The U.S. now accounts for 31 percent of Pandora’s revenue, up from 29 percent in 2023.
Pandora said the growth was driven by “solid execution around Black Friday and marketing investments, which are yielding good results.”
“Pandora benefited from strong execution across the holiday period which drove positive traffic, despite a highly promotional external environment and a tough comparison base, which was boosted last year by various social media activations,” said the company.
Pandora’s holiday campaign was an extension of its “Be Love” campaign, which debuted last year.
Brand ambassadors Pamela Anderson and sisters Chloe and Halle Bailey were featured in the campaign alongside models Agyness Deyn and Jocelyn Corona.
The campaign encouraged customers to think beyond traditional gifting, said Pandora, and to create moments of connection, thoughtfulness, and understanding while uniting people through the power of love.
Pandora said its lab-grown diamonds performed well, with sales up 12 percent year-over-year at actual exchange rates in Q4 and up 19 percent for the full year.
Like-for-like sales grew 18 percent in Q4 and 43 percent for the full year.
Despite the sales growth, Pandora’s lab-grown diamond sales still only account for 1 percent of total revenue.
“Pandora continues to play a significant role in democratizing diamonds for consumers and has also seen a tangible positive halo effect on the brand from adding the collection to the portfolio,” said Pandora.
Though it expects to continue to see growth in the category, it said its global rollout of lab-grown diamonds will “proceed at a slower pace than originally anticipated.”
Pandora set a revenue target of 1 billion Danish kroner in the category by 2026 at its 2023 Capital Markets Day, but now doesn’t expect to hit this target until beyond 2026.
Its other jewelry collections posted strong growth as well.
Pandora’s core segment, which includes its “Moments” and “Me” collections, as well as its collaborations, saw sales up 7 percent at actual exchange rates in the quarter and for the year.
Its “fuel with more” segment, which includes its lab-grown diamond jewelry as well as its “Timeless” and “Signature” collections, saw sales grow 21 percent in the quarter and 32 percent for the year.
Pandora credited its strong organic growth in the U.S. to the momentum generated by new store openings over the past year.
In Q4, the company opened 54 concept stores and 62 Pandora-owned shop-in-shops.
For the full year, net openings totaled 137 concept stores, in line with its guidance of 125 to 150 openings.
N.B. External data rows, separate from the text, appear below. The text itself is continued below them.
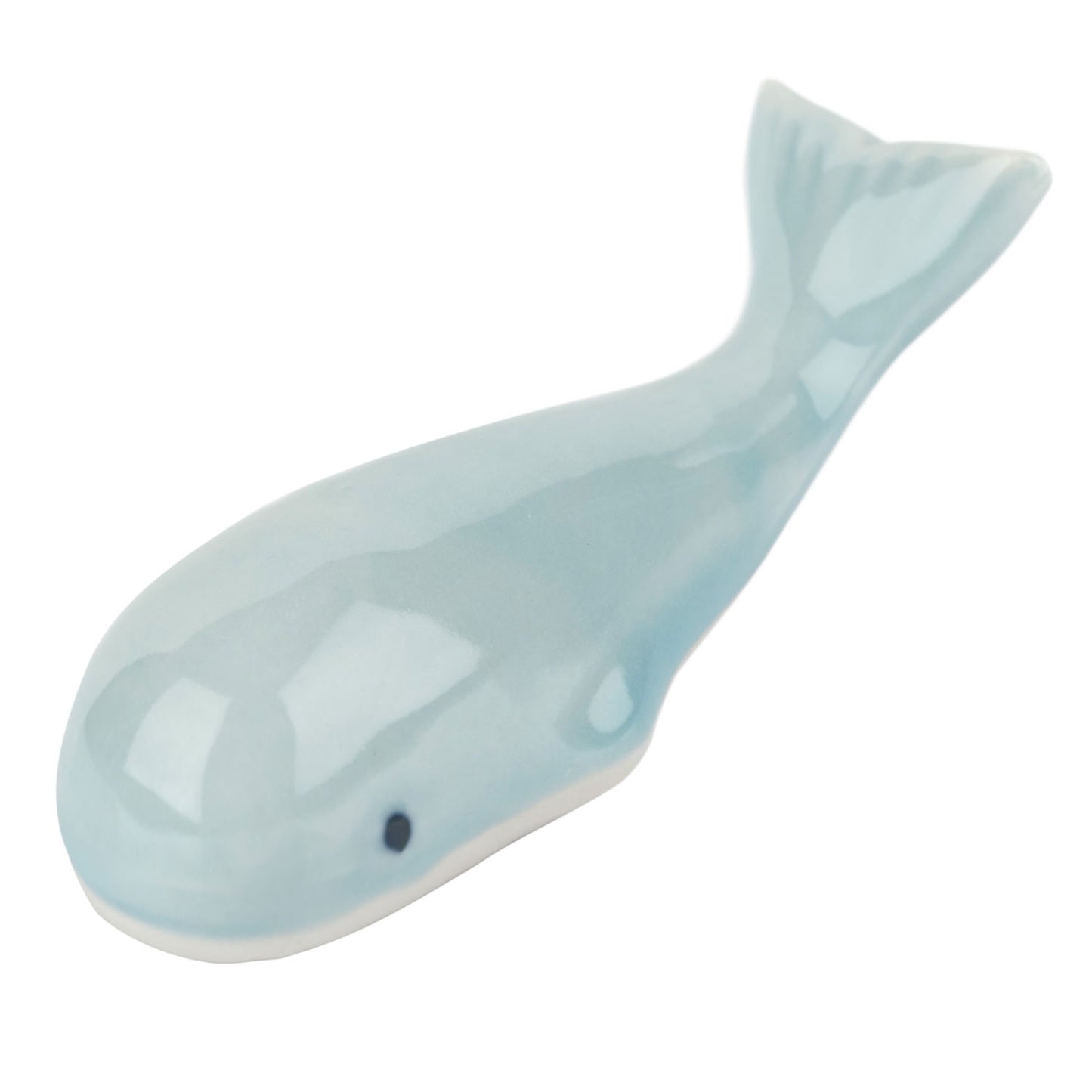 Pale Blue Whale Japanese Chopstick Rest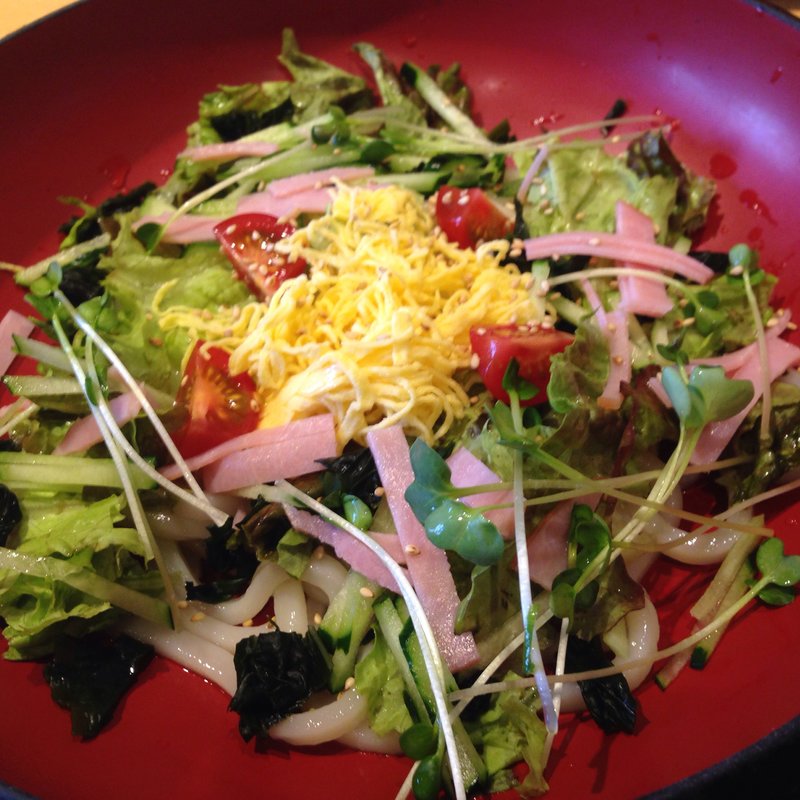 サラダうどん(うどん山川 八尾店)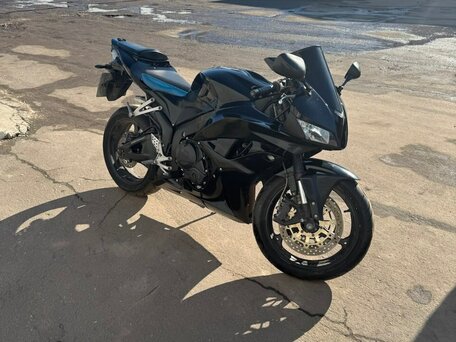 2007 Honda CBR 600RR, чёрный, 530000 рублей, вид 3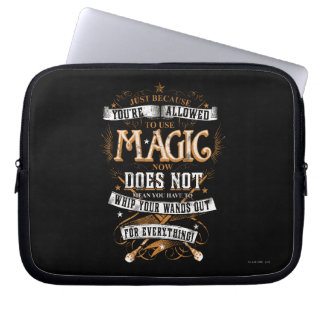 Harry Potter Spell | Bara för att du är tillåten Laptop Sleeve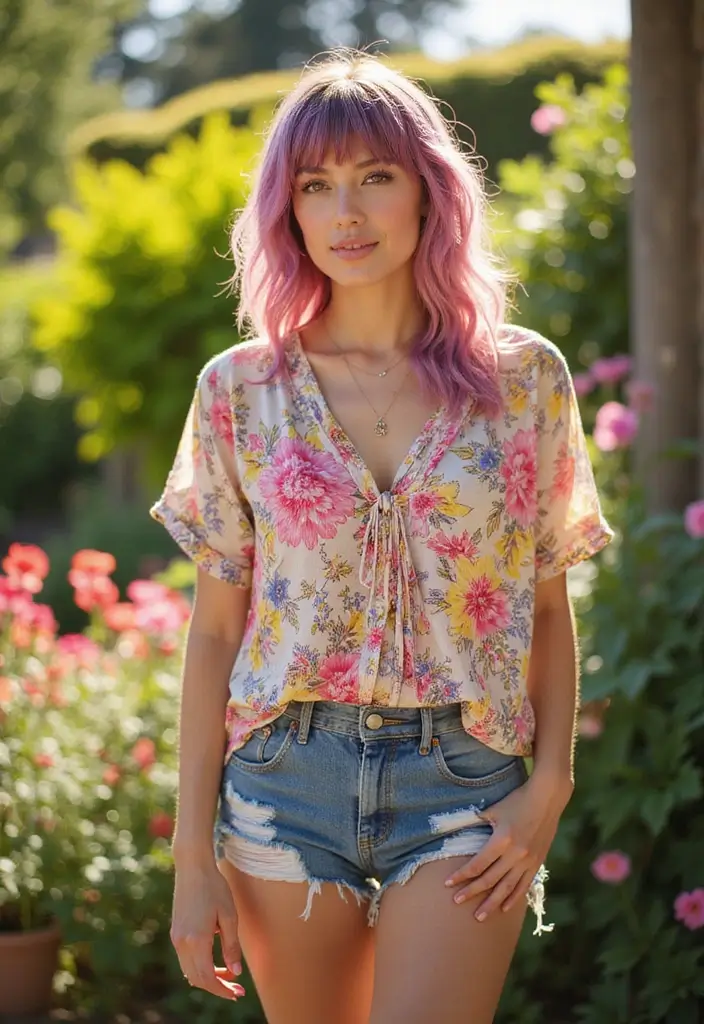 27 Shaggy Haircuts That Are Making a Comeback - 17. Vibrant Color Shag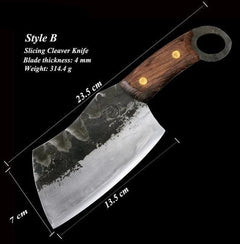 High Carbon Handmade Cleaver Butcher Knife - Letcase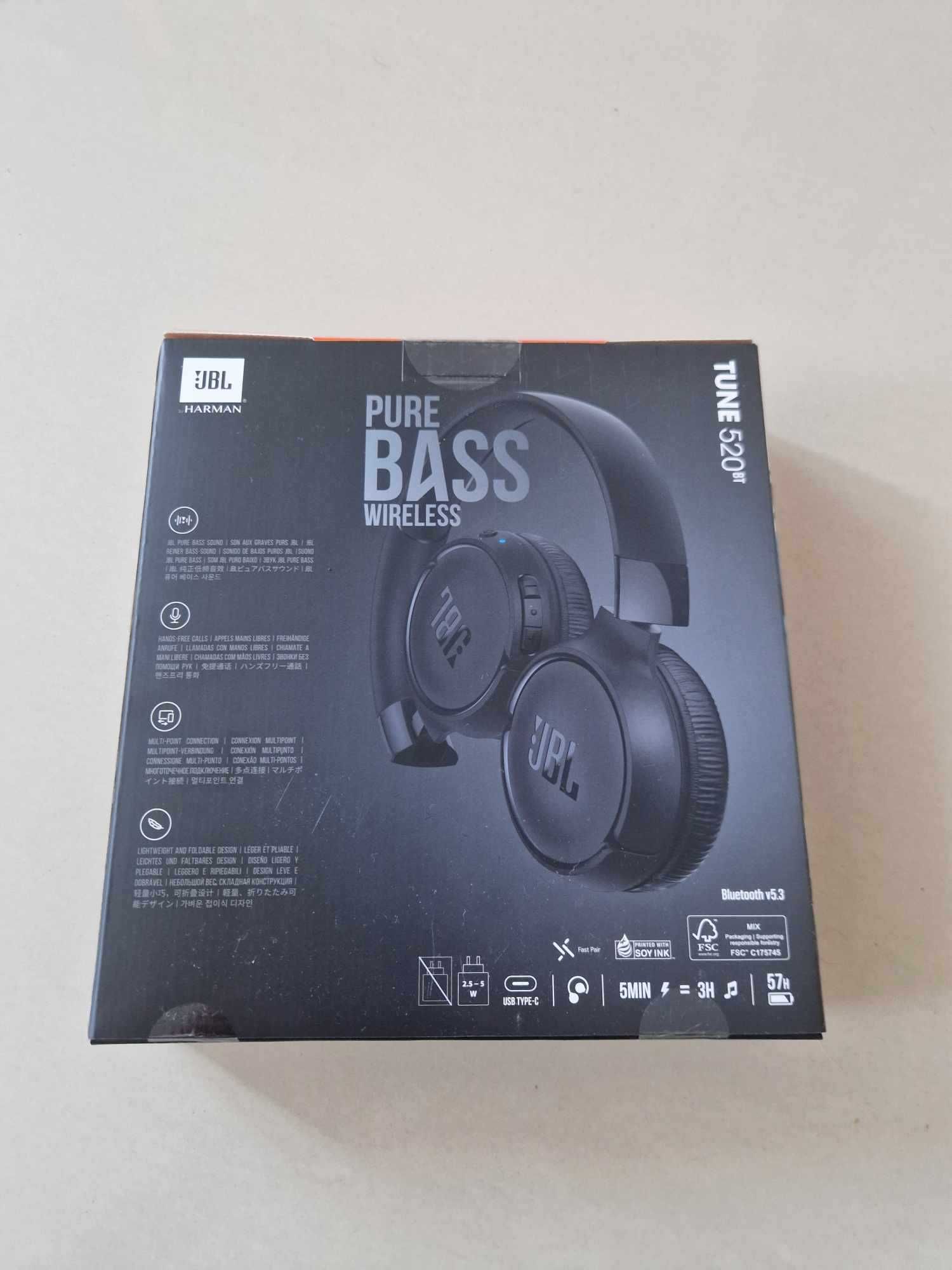 NOWE Słuchawki JBL (czarne)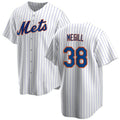 New York Mets #38 Tylor Megill White AmberGomez Cool Base Stitched Jersey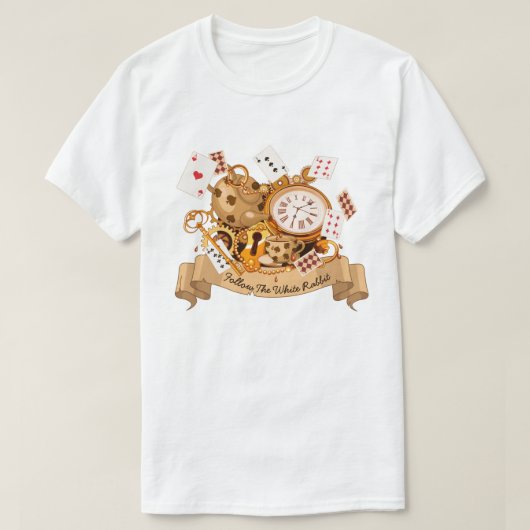 Alice in Wonderland T-Shirt (Design voorkant)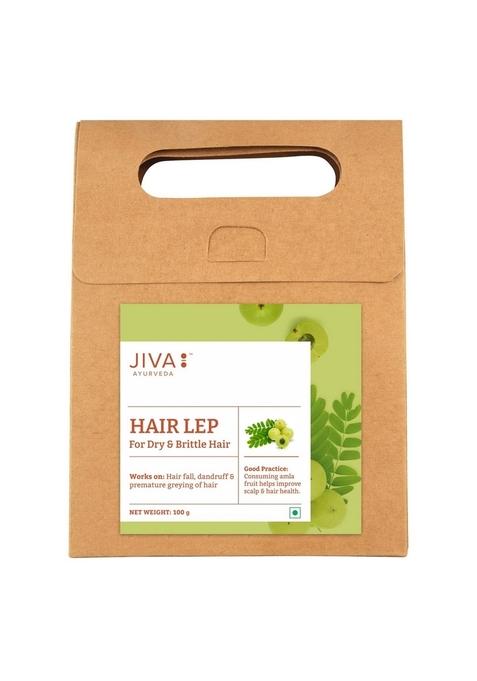 Jiva Hair Lep Without Multani Mitti-100Gm (Pack Of 2) Helpful In Dandruff & Hairfall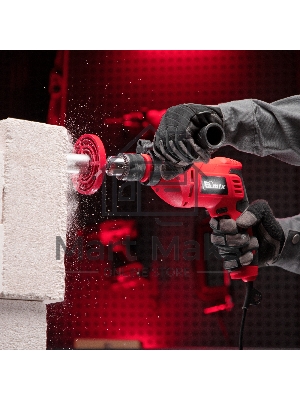 Дрель ударная MID-750, 750 Вт, 0-3000 об/мин, 0-48000 уд/мин MTX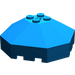 LEGO Blauw Voorruit 6 x 6 Octagonal Overkapping met asgat (2418)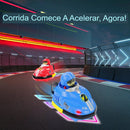 Kit com 2 carrinhos de choque de batalha de controle remoto - para 2 jogadores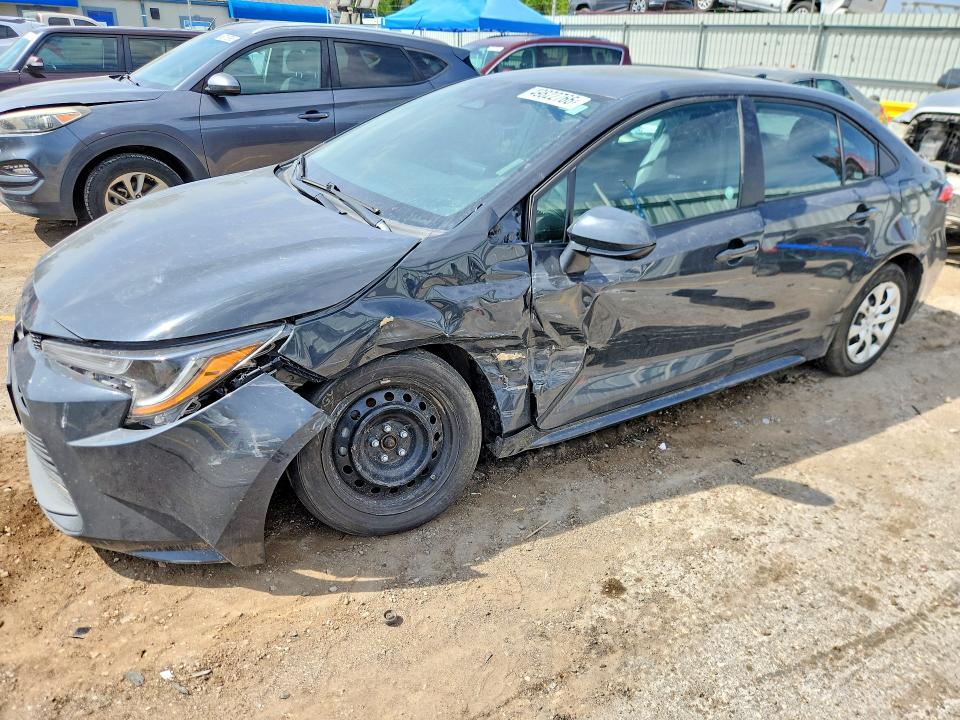 2023 Toyota Corolla VIN 5YFB4MDE4PP014297 COPART salvage auction — FRONT END, Ks - Cert Of Title-Salvage, sold $4,750 on 2026-07-08 (photo 1)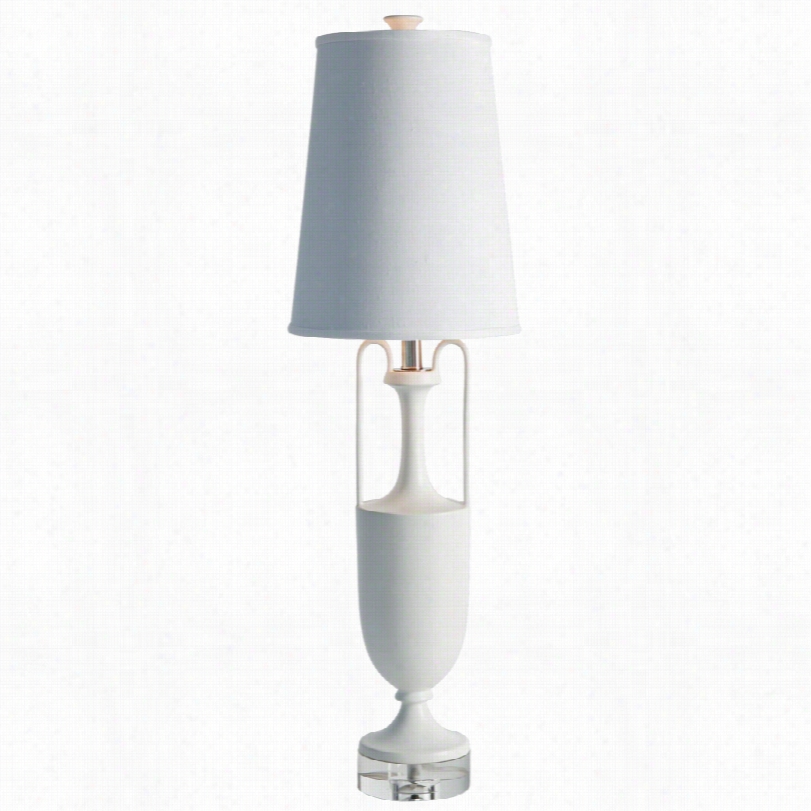 Contemporarygrecian Amphora Matte White 37-inhc-h Table Lamp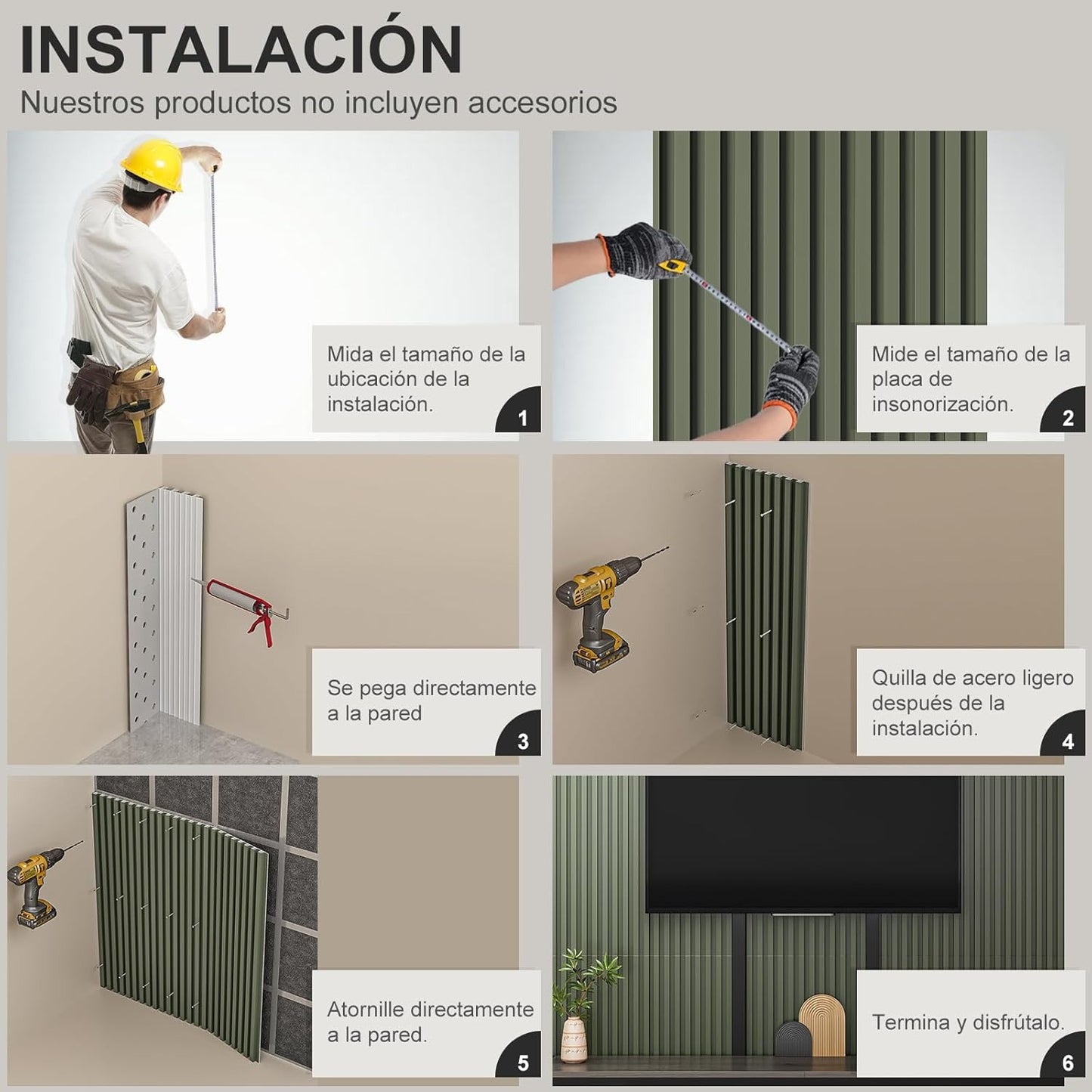 Paneles Decorativos 3D en PVC Lambrín – 12 Piezas (2㎡), Ideal para Paredes de Hogar y Oficina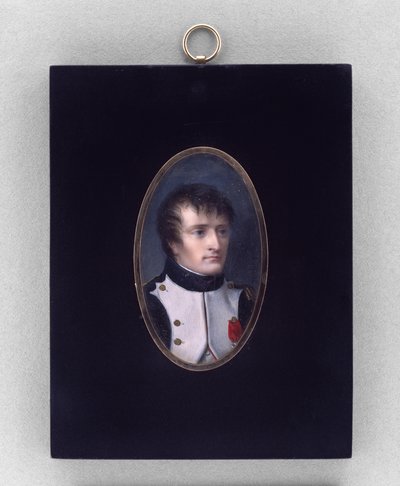 Napoleon Bonaparte, n. 1804 (akvarelli norsunluun tekijältä Jean Baptiste Isabey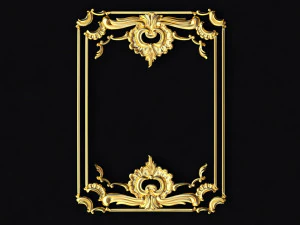 家具の中央装飾飾り 3Dモデル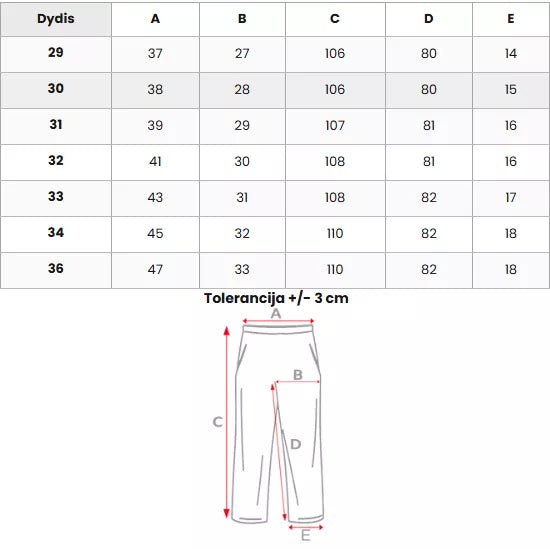 Vīriešu melnas džinsa bikses Apol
It opened 99 Pandora owned shop-in-shops, surpassing its guidance of 50 to 75.
Pandora operated 2,788 concept stores as of Q4, as well as 3,997 other points of sale, including 677 owned by Pandora.
Looking to the year ahead, Pandora is forecasting 7 to 8 percent organic growth with an EBIT margin near 25 percent.
Currently, Q1 is seeing high-single digit like-for-like growth, it said, boosted in part by strong end-of-season sales.
Pandora is scheduled to report its interim first-quarter results on May 7.